Both PlaceholderTable and SparseTable shared an identical pattern (connection pool, writer lock, try/catch wrapping) with no retry or transient error handling.

Fix

Extract shared logic into GVFSTable base class with four execution primitives:

Method Behavior
ExecuteWrite Under writer lock, retry up to 5x on transient errors
ExecuteRead Retry up to 5x on transient errors
ExecuteNonCriticalRead Return fallback value on transient error (no throw)
ExecuteReadThenWrite Mixed read+write on same connection, retry on transient errors

Transient errors retried (linear backoff: 50ms, 100ms, ... 250ms):

  • SQLITE_BUSY (5) - connection-level lock contention
  • SQLITE_LOCKED (6) - table-level lock contention
  • SQLITE_IOERR (10) - disk I/O errors

Non-critical count methods (GetCount, GetFilePlaceholdersCount, GetFolderPlaceholdersCount) return -1 on transient failure - only consumed by heartbeat telemetry.
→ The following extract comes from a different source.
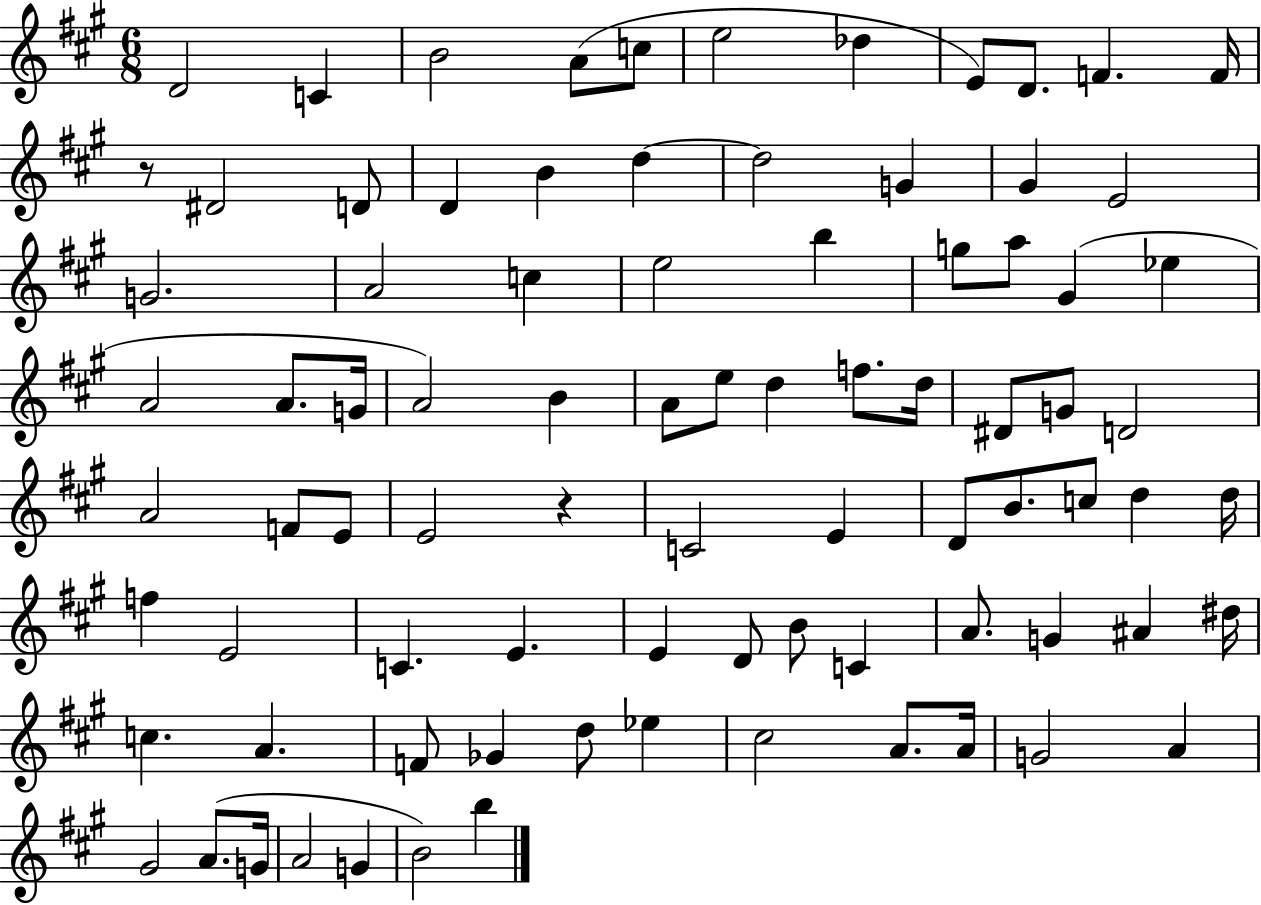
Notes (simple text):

Also fixes pre-existing copy-paste bug where GetFilePlaceholdersCount/GetFolderPlaceholdersCount exception messages incorrectly said GetCount.

Files Changed

  • New: GVFSTable.cs - base class with retry/lock/error infrastructure
  • Refactored: PlaceholderTable.cs - inherits GVFSTable, all operations use base methods
  • Refactored: SparseTable.cs - same treatment
  • Extended: SqliteErrorCodes.cs - added BUSY, LOCKED, IOERR constants + IsTransientError()
  • Updated: Unit tests - adjusted exception message assertions to match simplified format

Validation

  • All 872 unit tests pass (0 failures, 11 pre-existing skips)
  • Self-reviewed: caught and fixed a retry-duplicate bug in GetAllEntries

@tyrielv tyrielv force-pushed the tyrielv/fix-placeholder-io-tolerance branch 2 times, most recently from b75962e to 8e67a19 Compare June 19, 2026 00:11
…ia GVFSTable base class

Extract shared retry and error-handling logic into GVFSTable base class,
used by both PlaceholderTable and SparseTable. This provides:

- ExecuteWrite: serialized writes with retry on BUSY/LOCKED/IOERR
- ExecuteRead: reads with retry on transient errors
- ExecuteNonCriticalRead: returns fallback on transient error (heartbeat)
- ExecuteReadThenWrite: mixed operations with retry

Transient errors handled (up to 5 retries with linear backoff):
- SQLITE_BUSY (5): connection-level lock contention
- SQLITE_LOCKED (6): table-level lock contention (fixes #59353072)
- SQLITE_IOERR (10): disk I/O errors from AV/ReFS/disk busyness

Non-critical count methods (GetCount, GetFilePlaceholdersCount,
GetFolderPlaceholdersCount) return -1 on transient failure rather than
throwing, since they are only consumed by heartbeat telemetry.

Also fixes pre-existing copy-paste bug in exception messages where
GetFilePlaceholdersCount/GetFolderPlaceholdersCount reported as GetCount.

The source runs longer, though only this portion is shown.